Segment Start: DATASET CONTENT

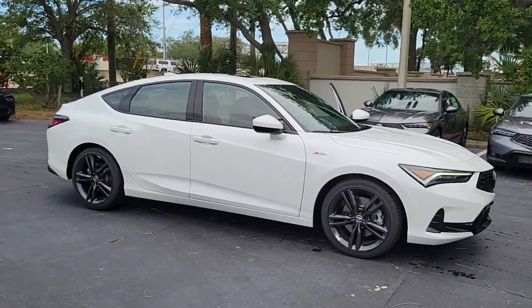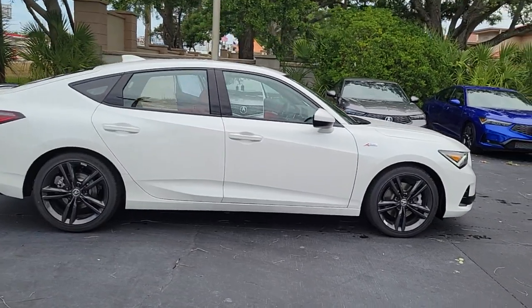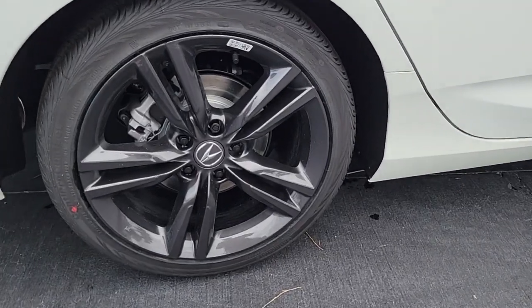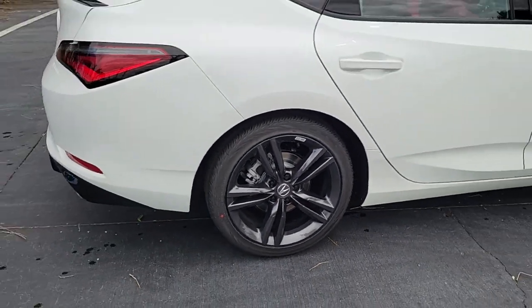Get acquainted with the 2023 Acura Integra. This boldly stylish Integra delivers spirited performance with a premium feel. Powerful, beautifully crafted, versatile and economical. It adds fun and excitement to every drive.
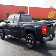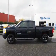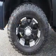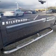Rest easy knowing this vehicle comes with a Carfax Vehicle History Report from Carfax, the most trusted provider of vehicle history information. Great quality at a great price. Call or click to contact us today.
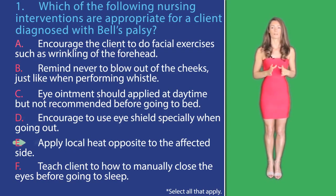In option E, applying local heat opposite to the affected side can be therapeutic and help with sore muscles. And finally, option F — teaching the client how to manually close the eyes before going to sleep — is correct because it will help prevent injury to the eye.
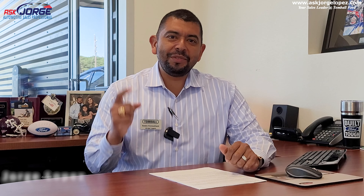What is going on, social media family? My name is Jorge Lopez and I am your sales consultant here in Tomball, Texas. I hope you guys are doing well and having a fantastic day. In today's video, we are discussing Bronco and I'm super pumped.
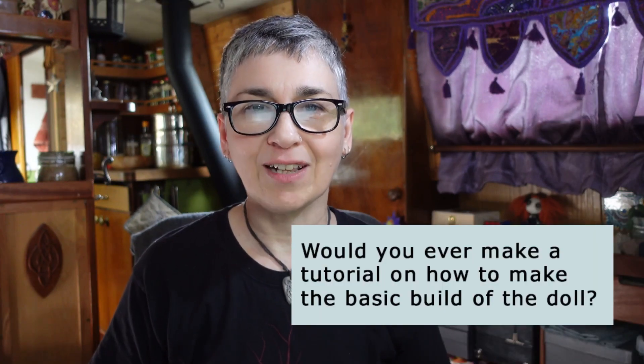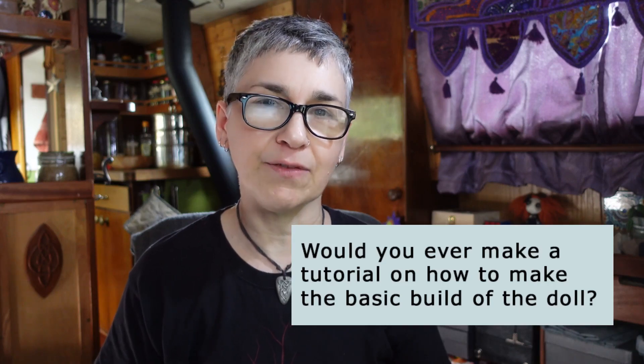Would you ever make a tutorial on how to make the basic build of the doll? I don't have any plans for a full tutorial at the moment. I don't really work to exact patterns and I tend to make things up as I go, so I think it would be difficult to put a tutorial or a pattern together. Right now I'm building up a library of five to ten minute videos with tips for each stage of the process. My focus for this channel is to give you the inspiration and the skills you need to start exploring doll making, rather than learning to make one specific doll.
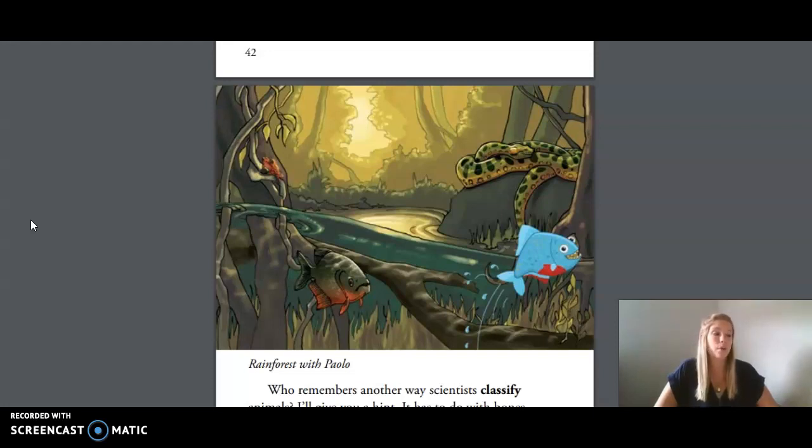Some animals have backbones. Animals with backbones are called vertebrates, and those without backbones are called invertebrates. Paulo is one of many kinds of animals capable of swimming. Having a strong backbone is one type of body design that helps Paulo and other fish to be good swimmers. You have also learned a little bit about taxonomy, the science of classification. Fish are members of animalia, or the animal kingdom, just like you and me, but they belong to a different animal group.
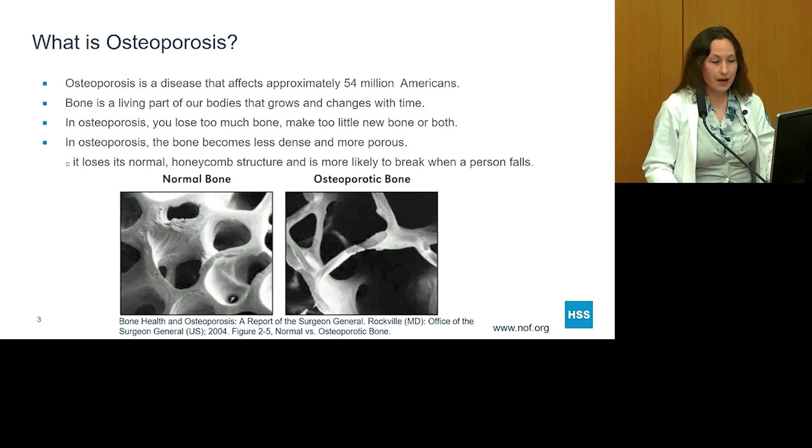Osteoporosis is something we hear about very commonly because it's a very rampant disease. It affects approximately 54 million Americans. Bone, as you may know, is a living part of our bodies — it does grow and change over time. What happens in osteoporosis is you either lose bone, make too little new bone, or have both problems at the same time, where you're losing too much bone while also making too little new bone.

Segment End: DATASET CONTENT

Your copy should match every entry above exactly and contain no pictures.

Get acquainted with the 2023 Acura Integra. This boldly stylish Integra delivers spirited performance with a premium feel. Powerful, beautifully crafted, versatile and economical. It adds fun and excitement to every drive.
Rest easy knowing this vehicle comes with a Carfax Vehicle History Report from Carfax, the most trusted provider of vehicle history information. Great quality at a great price. Call or click to contact us today.
In option E, applying local heat opposite to the affected side can be therapeutic and help with sore muscles. And finally, option F — teaching the client how to manually close the eyes before going to sleep — is correct because it will help prevent injury to the eye.
What is going on, social media family? My name is Jorge Lopez and I am your sales consultant here in Tomball, Texas. I hope you guys are doing well and having a fantastic day. In today's video, we are discussing Bronco and I'm super pumped.
Would you ever make a tutorial on how to make the basic build of the doll? I don't have any plans for a full tutorial at the moment. I don't really work to exact patterns and I tend to make things up as I go, so I think it would be difficult to put a tutorial or a pattern together. Right now I'm building up a library of five to ten minute videos with tips for each stage of the process. My focus for this channel is to give you the inspiration and the skills you need to start exploring doll making, rather than learning to make one specific doll.
Some animals have backbones. Animals with backbones are called vertebrates, and those without backbones are called invertebrates. Paulo is one of many kinds of animals capable of swimming. Having a strong backbone is one type of body design that helps Paulo and other fish to be good swimmers. You have also learned a little bit about taxonomy, the science of classification. Fish are members of animalia, or the animal kingdom, just like you and me, but they belong to a different animal group.
Osteoporosis is something we hear about very commonly because it's a very rampant disease. It affects approximately 54 million Americans. Bone, as you may know, is a living part of our bodies — it does grow and change over time. What happens in osteoporosis is you either lose bone, make too little new bone, or have both problems at the same time, where you're losing too much bone while also making too little new bone.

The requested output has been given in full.